#### Task details:
Set down all of the records exactly.

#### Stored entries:
****************************************
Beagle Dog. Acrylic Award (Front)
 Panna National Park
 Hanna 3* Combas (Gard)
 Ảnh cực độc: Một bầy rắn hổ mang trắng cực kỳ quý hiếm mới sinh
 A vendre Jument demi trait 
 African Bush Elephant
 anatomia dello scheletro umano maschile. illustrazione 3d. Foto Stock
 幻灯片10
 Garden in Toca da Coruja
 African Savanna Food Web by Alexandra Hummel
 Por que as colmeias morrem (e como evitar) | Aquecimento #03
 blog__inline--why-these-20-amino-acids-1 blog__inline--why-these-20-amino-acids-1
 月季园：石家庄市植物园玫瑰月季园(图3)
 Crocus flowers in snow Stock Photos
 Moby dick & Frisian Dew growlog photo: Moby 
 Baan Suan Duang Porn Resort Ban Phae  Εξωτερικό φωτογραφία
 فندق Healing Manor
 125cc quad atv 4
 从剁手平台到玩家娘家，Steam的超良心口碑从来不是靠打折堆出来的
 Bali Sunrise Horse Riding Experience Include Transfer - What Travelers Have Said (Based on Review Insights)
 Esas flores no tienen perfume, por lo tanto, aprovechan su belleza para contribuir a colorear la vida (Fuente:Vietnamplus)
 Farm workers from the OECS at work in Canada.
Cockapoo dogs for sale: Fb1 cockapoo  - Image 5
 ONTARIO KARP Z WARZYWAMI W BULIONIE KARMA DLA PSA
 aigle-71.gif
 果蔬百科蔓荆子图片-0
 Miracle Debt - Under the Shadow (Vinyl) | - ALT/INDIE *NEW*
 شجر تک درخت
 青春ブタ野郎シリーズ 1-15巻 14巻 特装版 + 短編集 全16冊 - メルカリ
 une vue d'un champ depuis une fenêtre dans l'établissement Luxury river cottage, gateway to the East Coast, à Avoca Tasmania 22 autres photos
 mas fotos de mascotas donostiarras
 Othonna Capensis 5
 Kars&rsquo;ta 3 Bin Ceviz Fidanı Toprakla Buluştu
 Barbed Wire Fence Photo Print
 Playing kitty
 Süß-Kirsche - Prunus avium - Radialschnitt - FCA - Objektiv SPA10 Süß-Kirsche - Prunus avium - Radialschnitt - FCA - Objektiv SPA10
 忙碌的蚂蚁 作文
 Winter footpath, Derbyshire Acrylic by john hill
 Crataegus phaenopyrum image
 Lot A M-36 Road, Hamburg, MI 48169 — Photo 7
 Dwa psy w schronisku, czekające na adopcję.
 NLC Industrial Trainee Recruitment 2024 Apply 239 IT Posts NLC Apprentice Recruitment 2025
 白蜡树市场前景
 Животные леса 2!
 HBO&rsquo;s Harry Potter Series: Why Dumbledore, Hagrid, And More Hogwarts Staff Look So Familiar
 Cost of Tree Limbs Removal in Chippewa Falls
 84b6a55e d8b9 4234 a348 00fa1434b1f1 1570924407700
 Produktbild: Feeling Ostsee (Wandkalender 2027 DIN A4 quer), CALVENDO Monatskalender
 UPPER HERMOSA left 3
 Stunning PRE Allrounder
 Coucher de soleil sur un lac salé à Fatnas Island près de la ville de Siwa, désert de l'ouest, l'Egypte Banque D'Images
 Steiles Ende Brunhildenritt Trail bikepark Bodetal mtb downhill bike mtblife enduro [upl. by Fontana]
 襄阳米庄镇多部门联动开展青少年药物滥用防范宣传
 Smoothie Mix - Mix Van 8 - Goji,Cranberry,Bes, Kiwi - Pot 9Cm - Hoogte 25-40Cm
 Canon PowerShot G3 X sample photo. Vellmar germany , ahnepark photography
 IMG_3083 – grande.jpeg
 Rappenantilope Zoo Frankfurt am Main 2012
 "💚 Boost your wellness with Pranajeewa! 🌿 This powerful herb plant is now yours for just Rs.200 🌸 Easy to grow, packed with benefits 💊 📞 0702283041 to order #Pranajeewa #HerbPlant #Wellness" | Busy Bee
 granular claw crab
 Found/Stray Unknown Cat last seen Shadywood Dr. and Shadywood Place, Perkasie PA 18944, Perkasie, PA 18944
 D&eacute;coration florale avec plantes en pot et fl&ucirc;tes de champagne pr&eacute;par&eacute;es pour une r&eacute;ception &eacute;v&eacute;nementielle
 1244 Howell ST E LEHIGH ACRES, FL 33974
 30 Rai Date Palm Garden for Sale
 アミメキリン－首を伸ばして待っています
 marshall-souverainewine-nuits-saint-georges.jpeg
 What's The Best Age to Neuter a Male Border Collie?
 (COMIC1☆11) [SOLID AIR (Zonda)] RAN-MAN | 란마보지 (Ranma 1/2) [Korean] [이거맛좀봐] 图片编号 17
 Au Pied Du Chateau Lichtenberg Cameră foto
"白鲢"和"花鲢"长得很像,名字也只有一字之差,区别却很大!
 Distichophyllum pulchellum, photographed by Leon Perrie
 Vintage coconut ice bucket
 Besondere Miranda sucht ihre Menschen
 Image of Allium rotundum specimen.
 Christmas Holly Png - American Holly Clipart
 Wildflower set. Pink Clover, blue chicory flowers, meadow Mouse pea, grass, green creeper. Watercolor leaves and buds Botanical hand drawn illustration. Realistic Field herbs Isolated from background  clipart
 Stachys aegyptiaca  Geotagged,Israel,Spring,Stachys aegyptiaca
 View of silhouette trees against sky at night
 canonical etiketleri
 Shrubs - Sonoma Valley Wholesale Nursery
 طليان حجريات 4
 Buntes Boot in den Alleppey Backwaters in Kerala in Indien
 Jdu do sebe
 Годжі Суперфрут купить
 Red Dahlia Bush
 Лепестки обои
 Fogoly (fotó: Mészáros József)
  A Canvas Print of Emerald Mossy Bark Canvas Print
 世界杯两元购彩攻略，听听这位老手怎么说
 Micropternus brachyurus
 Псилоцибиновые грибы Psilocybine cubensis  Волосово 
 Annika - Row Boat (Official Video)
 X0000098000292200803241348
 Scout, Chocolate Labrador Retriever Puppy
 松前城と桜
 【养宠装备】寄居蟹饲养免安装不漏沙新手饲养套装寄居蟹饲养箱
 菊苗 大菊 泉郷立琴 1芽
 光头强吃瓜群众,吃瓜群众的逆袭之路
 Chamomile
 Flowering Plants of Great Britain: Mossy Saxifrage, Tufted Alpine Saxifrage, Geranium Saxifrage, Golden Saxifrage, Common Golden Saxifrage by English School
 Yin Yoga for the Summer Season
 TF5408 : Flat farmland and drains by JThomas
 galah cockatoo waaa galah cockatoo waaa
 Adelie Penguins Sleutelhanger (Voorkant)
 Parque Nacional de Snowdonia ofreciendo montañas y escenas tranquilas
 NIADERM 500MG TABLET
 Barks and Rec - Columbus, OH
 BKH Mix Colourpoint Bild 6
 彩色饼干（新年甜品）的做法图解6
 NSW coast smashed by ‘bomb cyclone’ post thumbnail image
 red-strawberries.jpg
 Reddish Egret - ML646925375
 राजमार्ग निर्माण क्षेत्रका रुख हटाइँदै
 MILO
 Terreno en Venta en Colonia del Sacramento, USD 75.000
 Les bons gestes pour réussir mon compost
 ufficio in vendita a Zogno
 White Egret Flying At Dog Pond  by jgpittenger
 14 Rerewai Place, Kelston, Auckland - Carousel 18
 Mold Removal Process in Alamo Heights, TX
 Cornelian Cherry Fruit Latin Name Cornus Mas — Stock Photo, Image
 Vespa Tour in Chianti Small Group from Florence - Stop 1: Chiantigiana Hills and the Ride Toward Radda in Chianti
****************************************
#### Answer to this problem:
Beagle Dog. Acrylic Award (Front)
 Panna National Park
 Hanna 3* Combas (Gard)
 Ảnh cực độc: Một bầy rắn hổ mang trắng cực kỳ quý hiếm mới sinh
 A vendre Jument demi trait 
 African Bush Elephant
 anatomia dello scheletro umano maschile. illustrazione 3d. Foto Stock
 幻灯片10
 Garden in Toca da Coruja
 African Savanna Food Web by Alexandra Hummel
 Por que as colmeias morrem (e como evitar) | Aquecimento #03
 blog__inline--why-these-20-amino-acids-1 blog__inline--why-these-20-amino-acids-1
 月季园：石家庄市植物园玫瑰月季园(图3)
 Crocus flowers in snow Stock Photos
 Moby dick & Frisian Dew growlog photo: Moby 
 Baan Suan Duang Porn Resort Ban Phae  Εξωτερικό φωτογραφία
 فندق Healing Manor
 125cc quad atv 4
 从剁手平台到玩家娘家，Steam的超良心口碑从来不是靠打折堆出来的
 Bali Sunrise Horse Riding Experience Include Transfer - What Travelers Have Said (Based on Review Insights)
 Esas flores no tienen perfume, por lo tanto, aprovechan su belleza para contribuir a colorear la vida (Fuente:Vietnamplus)
 Farm workers from the OECS at work in Canada.
Cockapoo dogs for sale: Fb1 cockapoo  - Image 5
 ONTARIO KARP Z WARZYWAMI W BULIONIE KARMA DLA PSA
 aigle-71.gif
 果蔬百科蔓荆子图片-0
 Miracle Debt - Under the Shadow (Vinyl) | - ALT/INDIE *NEW*
 شجر تک درخت
 青春ブタ野郎シリーズ 1-15巻 14巻 特装版 + 短編集 全16冊 - メルカリ
 une vue d'un champ depuis une fenêtre dans l'établissement Luxury river cottage, gateway to the East Coast, à Avoca Tasmania 22 autres photos
 mas fotos de mascotas donostiarras
 Othonna Capensis 5
 Kars&rsquo;ta 3 Bin Ceviz Fidanı Toprakla Buluştu
 Barbed Wire Fence Photo Print
 Playing kitty
 Süß-Kirsche - Prunus avium - Radialschnitt - FCA - Objektiv SPA10 Süß-Kirsche - Prunus avium - Radialschnitt - FCA - Objektiv SPA10
 忙碌的蚂蚁 作文
 Winter footpath, Derbyshire Acrylic by john hill
 Crataegus phaenopyrum image
 Lot A M-36 Road, Hamburg, MI 48169 — Photo 7
 Dwa psy w schronisku, czekające na adopcję.
 NLC Industrial Trainee Recruitment 2024 Apply 239 IT Posts NLC Apprentice Recruitment 2025
 白蜡树市场前景
 Животные леса 2!
 HBO&rsquo;s Harry Potter Series: Why Dumbledore, Hagrid, And More Hogwarts Staff Look So Familiar
 Cost of Tree Limbs Removal in Chippewa Falls
 84b6a55e d8b9 4234 a348 00fa1434b1f1 1570924407700
 Produktbild: Feeling Ostsee (Wandkalender 2027 DIN A4 quer), CALVENDO Monatskalender
 UPPER HERMOSA left 3
 Stunning PRE Allrounder
 Coucher de soleil sur un lac salé à Fatnas Island près de la ville de Siwa, désert de l'ouest, l'Egypte Banque D'Images
 Steiles Ende Brunhildenritt Trail bikepark Bodetal mtb downhill bike mtblife enduro [upl. by Fontana]
 襄阳米庄镇多部门联动开展青少年药物滥用防范宣传
 Smoothie Mix - Mix Van 8 - Goji,Cranberry,Bes, Kiwi - Pot 9Cm - Hoogte 25-40Cm
 Canon PowerShot G3 X sample photo. Vellmar germany , ahnepark photography
 IMG_3083 – grande.jpeg
 Rappenantilope Zoo Frankfurt am Main 2012
 "💚 Boost your wellness with Pranajeewa! 🌿 This powerful herb plant is now yours for just Rs.200 🌸 Easy to grow, packed with benefits 💊 📞 0702283041 to order #Pranajeewa #HerbPlant #Wellness" | Busy Bee
 granular claw crab
 Found/Stray Unknown Cat last seen Shadywood Dr. and Shadywood Place, Perkasie PA 18944, Perkasie, PA 18944
 D&eacute;coration florale avec plantes en pot et fl&ucirc;tes de champagne pr&eacute;par&eacute;es pour une r&eacute;ception &eacute;v&eacute;nementielle
 1244 Howell ST E LEHIGH ACRES, FL 33974
 30 Rai Date Palm Garden for Sale
 アミメキリン－首を伸ばして待っています
 marshall-souverainewine-nuits-saint-georges.jpeg
 What's The Best Age to Neuter a Male Border Collie?
 (COMIC1☆11) [SOLID AIR (Zonda)] RAN-MAN | 란마보지 (Ranma 1/2) [Korean] [이거맛좀봐] 图片编号 17
 Au Pied Du Chateau Lichtenberg Cameră foto
"白鲢"和"花鲢"长得很像,名字也只有一字之差,区别却很大!
 Distichophyllum pulchellum, photographed by Leon Perrie
 Vintage coconut ice bucket
 Besondere Miranda sucht ihre Menschen
 Image of Allium rotundum specimen.
 Christmas Holly Png - American Holly Clipart
 Wildflower set. Pink Clover, blue chicory flowers, meadow Mouse pea, grass, green creeper. Watercolor leaves and buds Botanical hand drawn illustration. Realistic Field herbs Isolated from background  clipart
 Stachys aegyptiaca  Geotagged,Israel,Spring,Stachys aegyptiaca
 View of silhouette trees against sky at night
 canonical etiketleri
 Shrubs - Sonoma Valley Wholesale Nursery
 طليان حجريات 4
 Buntes Boot in den Alleppey Backwaters in Kerala in Indien
 Jdu do sebe
 Годжі Суперфрут купить
 Red Dahlia Bush
 Лепестки обои
 Fogoly (fotó: Mészáros József)
  A Canvas Print of Emerald Mossy Bark Canvas Print
 世界杯两元购彩攻略，听听这位老手怎么说
 Micropternus brachyurus
 Псилоцибиновые грибы Psilocybine cubensis  Волосово 
 Annika - Row Boat (Official Video)
 X0000098000292200803241348
 Scout, Chocolate Labrador Retriever Puppy
 松前城と桜
 【养宠装备】寄居蟹饲养免安装不漏沙新手饲养套装寄居蟹饲养箱
 菊苗 大菊 泉郷立琴 1芽
 光头强吃瓜群众,吃瓜群众的逆袭之路
 Chamomile
 Flowering Plants of Great Britain: Mossy Saxifrage, Tufted Alpine Saxifrage, Geranium Saxifrage, Golden Saxifrage, Common Golden Saxifrage by English School
 Yin Yoga for the Summer Season
 TF5408 : Flat farmland and drains by JThomas
 galah cockatoo waaa galah cockatoo waaa
 Adelie Penguins Sleutelhanger (Voorkant)
 Parque Nacional de Snowdonia ofreciendo montañas y escenas tranquilas
 NIADERM 500MG TABLET
 Barks and Rec - Columbus, OH
 BKH Mix Colourpoint Bild 6
 彩色饼干（新年甜品）的做法图解6
 NSW coast smashed by ‘bomb cyclone’ post thumbnail image
 red-strawberries.jpg
 Reddish Egret - ML646925375
 राजमार्ग निर्माण क्षेत्रका रुख हटाइँदै
 MILO
 Terreno en Venta en Colonia del Sacramento, USD 75.000
 Les bons gestes pour réussir mon compost
 ufficio in vendita a Zogno
 White Egret Flying At Dog Pond  by jgpittenger
 14 Rerewai Place, Kelston, Auckland - Carousel 18
 Mold Removal Process in Alamo Heights, TX
 Cornelian Cherry Fruit Latin Name Cornus Mas — Stock Photo, Image
 Vespa Tour in Chianti Small Group from Florence - Stop 1: Chiantigiana Hills and the Ride Toward Radda in Chianti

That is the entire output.